Iran-Israel war may increase sea transportation cost once again
16-Jun-2025 04:25 PM
Mumbai. The ongoing conflict between Iran and Israel is expected to significantly impact global trade dynamics, especially if the war in West Asia continues for an extended period.
One of the major concerns is the potential disruption of the Strait of Hormuz—a critical maritime chokepoint through which nearly 25 percent of the world’s petroleum trade passes. Iran has warned of a possible closure of this vital route.
For India, the immediate consequence would be a rise in sea transportation and insurance costs. According to the Director General of the Federation of Indian Exporters Organization (FIEO), while maritime traffic in the Red Sea region had recently started returning to normal and freight and insurance rates had stabilized, the new conflict could reverse these gains.
Cargo ships had resumed using the Red Sea route, which saves 15–20 days in transit time for vessels travelling from India and Asia to Europe and the Americas.
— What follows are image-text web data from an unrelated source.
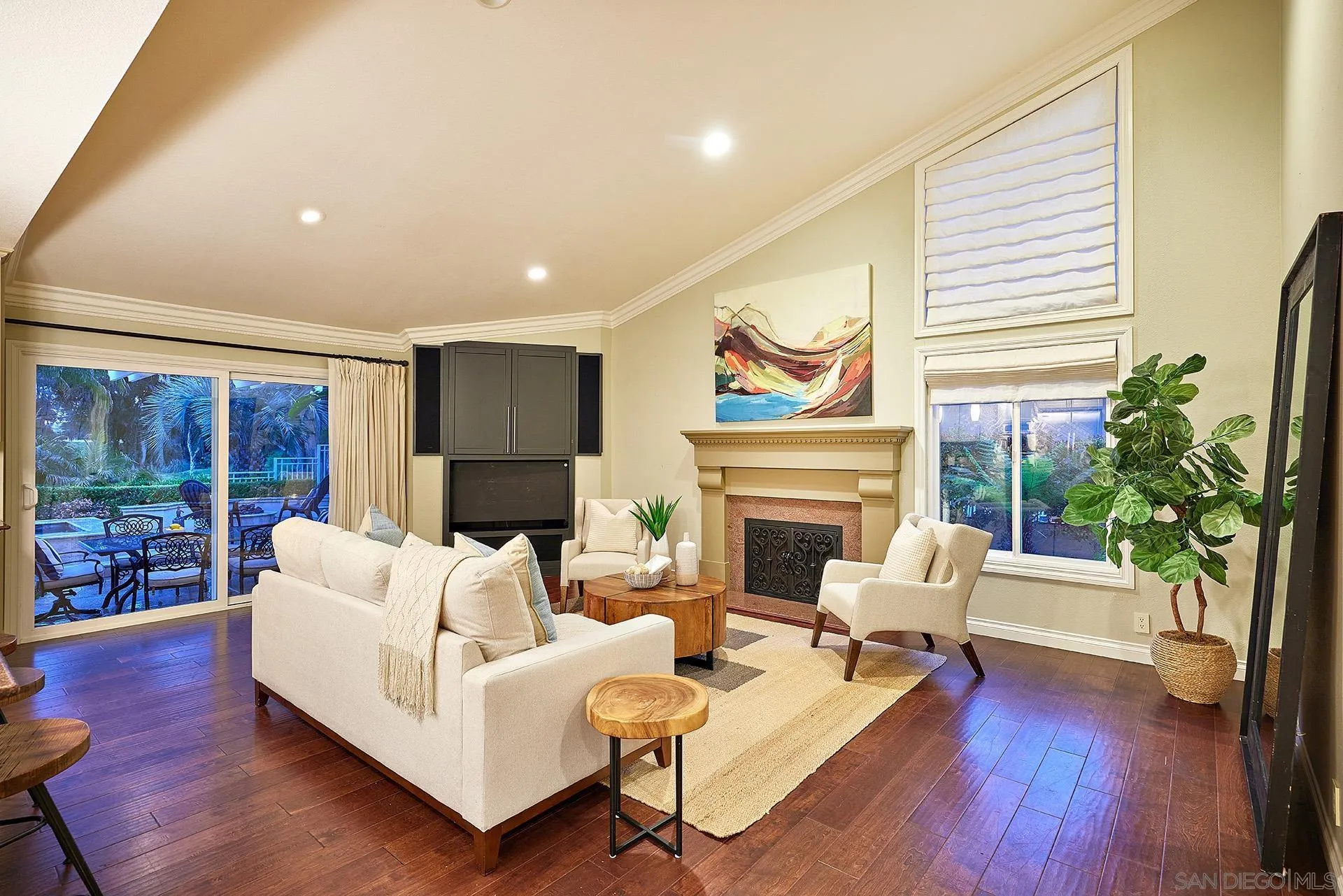 2027 Alga Road Carlsbad, CA 92009 - Photo 24 of 72 a living room with furniture fireplace and wooden floor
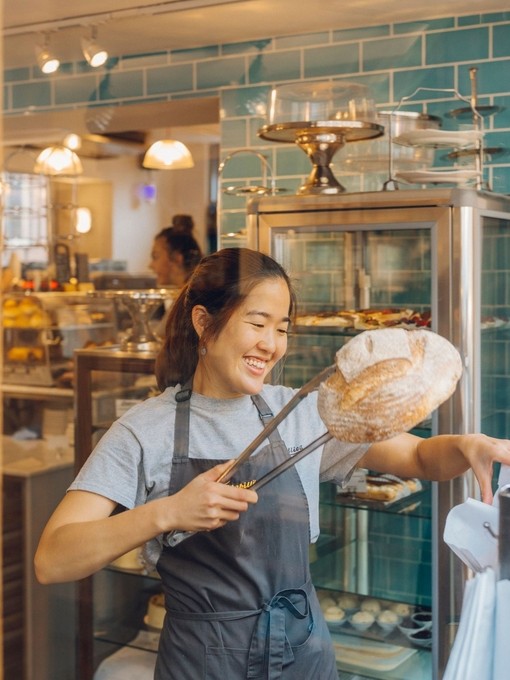 Smiling woman lifting loaf of bread with tongs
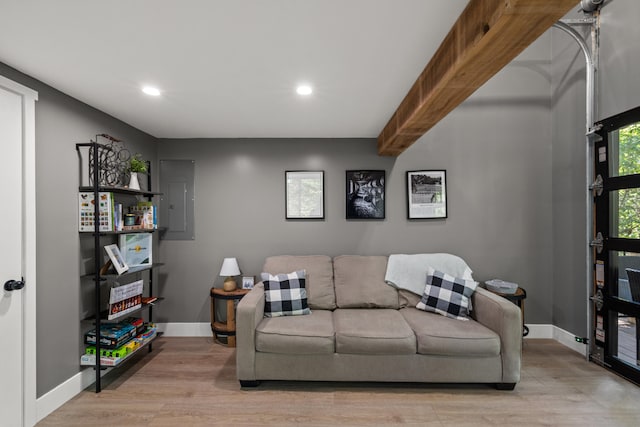 living room with hardwood / wood-style floors and electric panel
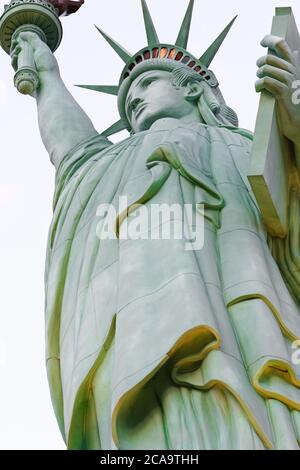 The Statue of Liberty is a colossal copper statue designed by Auguste Bartholdi a French sculptor was built by Gustave Eiffel. Stock Photo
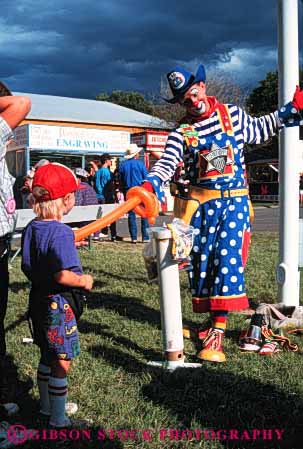 Stock Photo #4020: keywords -  act balloon boy child children clown color colorful costume fun make makeup perform play pretend show smile vert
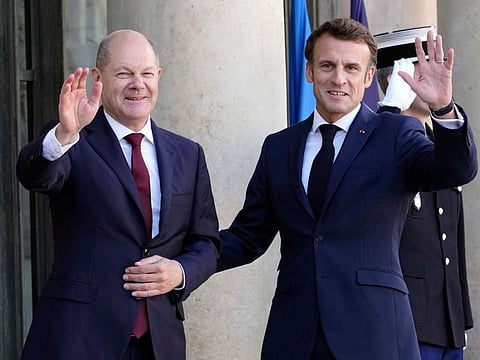 French President Emmanuel Macron, right, welcomes German Chancellor Olaf Scholz at the Elysee Palace in Paris, Wednesday, Oct. 26, 2022.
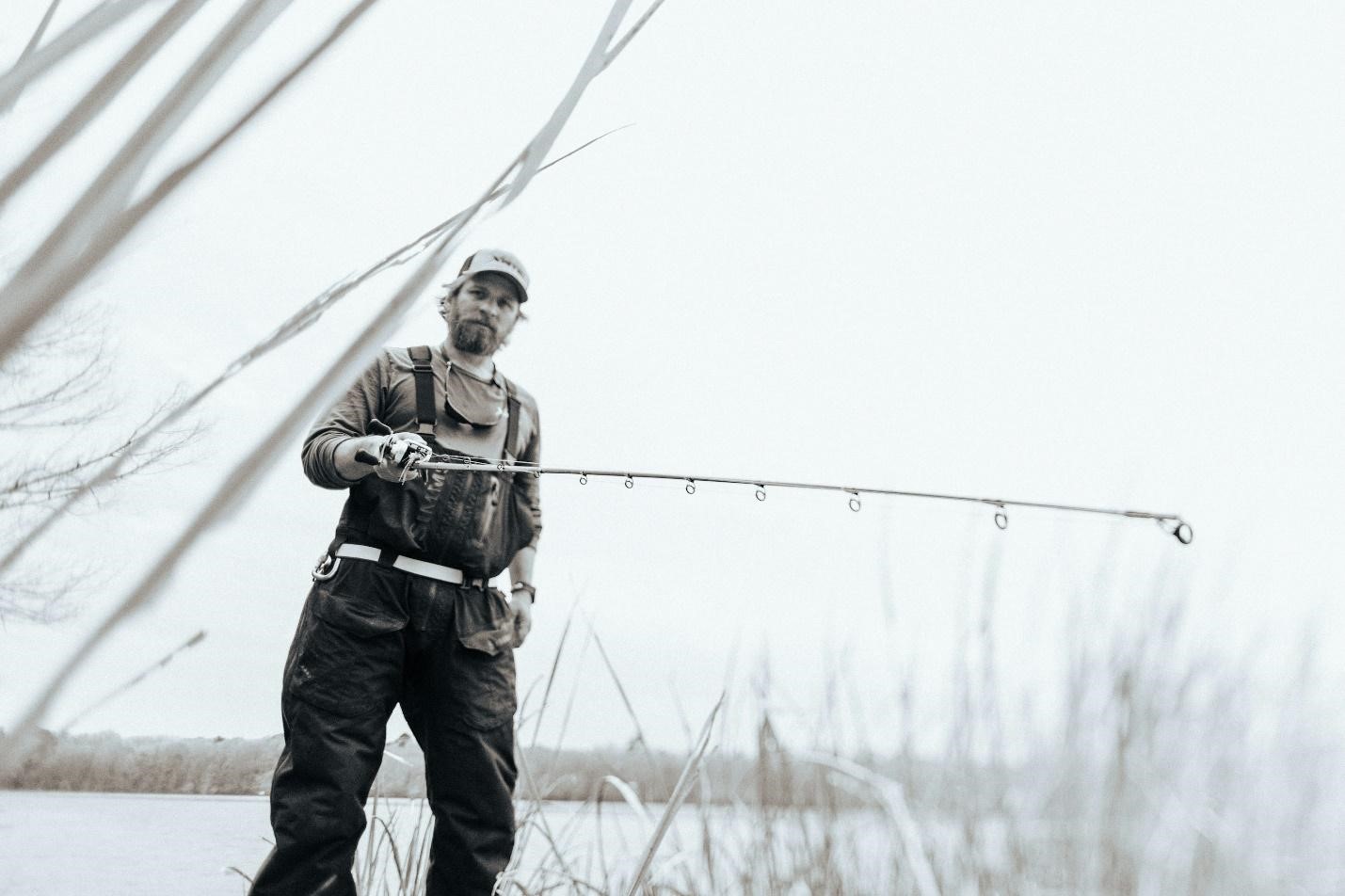 a man standing next to a body of water holding a fishing pole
However, the resurgence of Yemen’s Houthi rebels—who are aligned with Iran—adds a new layer of threat. The group has resumed missile attacks on Israel and is expected to target commercial ships transiting the Red Sea.
This could make the Red Sea and Suez Canal route unsafe, forcing vessels to take the much longer route around the southern tip of Africa, thereby increasing journey times and operational costs.
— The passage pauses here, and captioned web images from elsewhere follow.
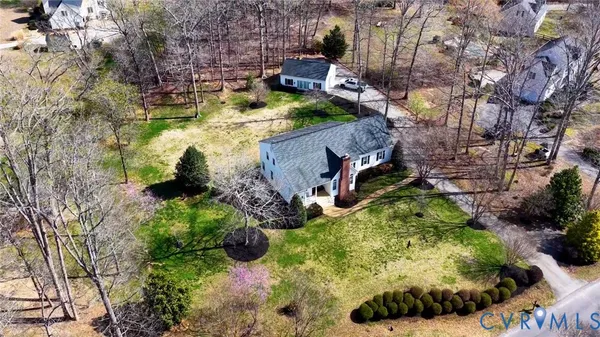 a kitchen with a stove a sink and a microwave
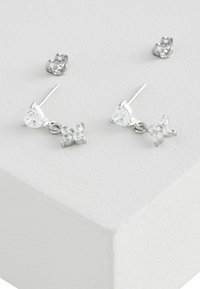 Orecchini a perno in tono argento con accenti di pietre trasparenti, caratterizzati da un piccolo design a fiocco e una finitura liscia. Inclusi chiodini a farfalla.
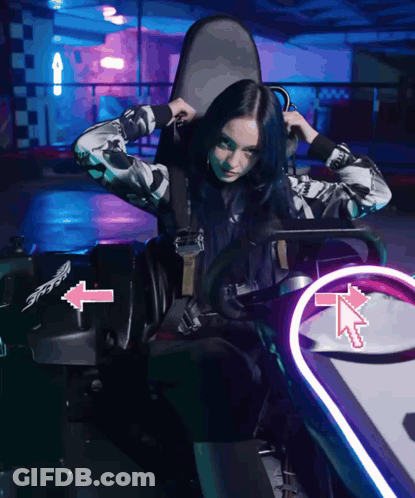 Woman In Go Kart With Pink Arrow Pointing Left GIF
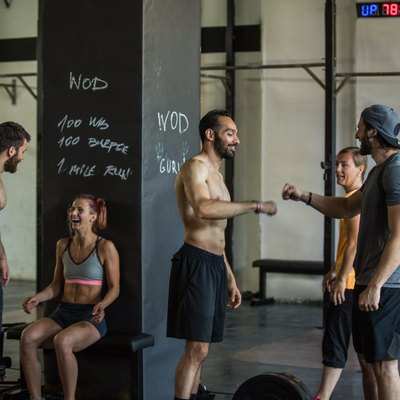 People motivating each other to keep going during the 30-day burpee challenge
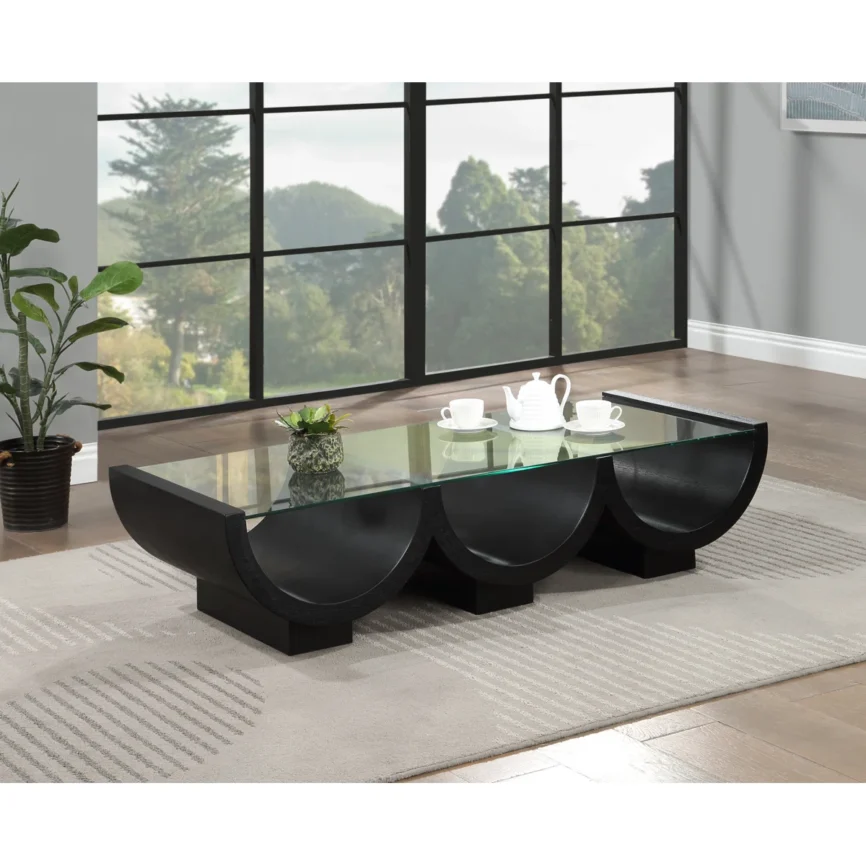 Art Deco-inspired coffee table with clear tempered glass top and geometric black pedestal base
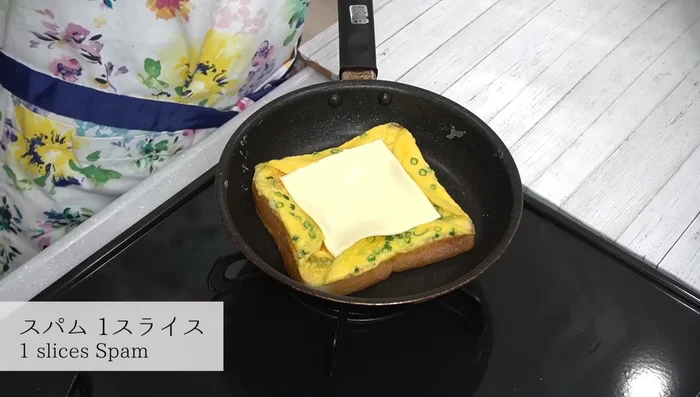 Place a slice of cheese in the middle, add Spam to one side, and a moderate amount of ketchup to the other side.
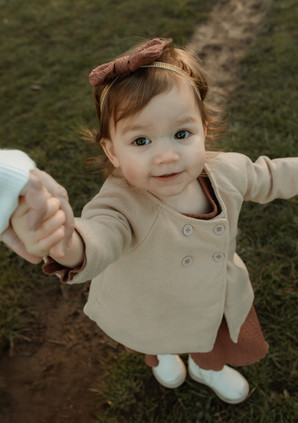 baby looks at camera during a portland family photography session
The Chairman of the Engineering Export Promotion Council noted that while the Red Sea waterway has not yet been closed, the situation remains volatile.
So far, shipping companies have not officially revised freight charges, providing temporary relief to Indian exporters. Nonetheless, they remain concerned that any escalation in the conflict could quickly change the scenario and significantly raise transportation costs in the coming weeks.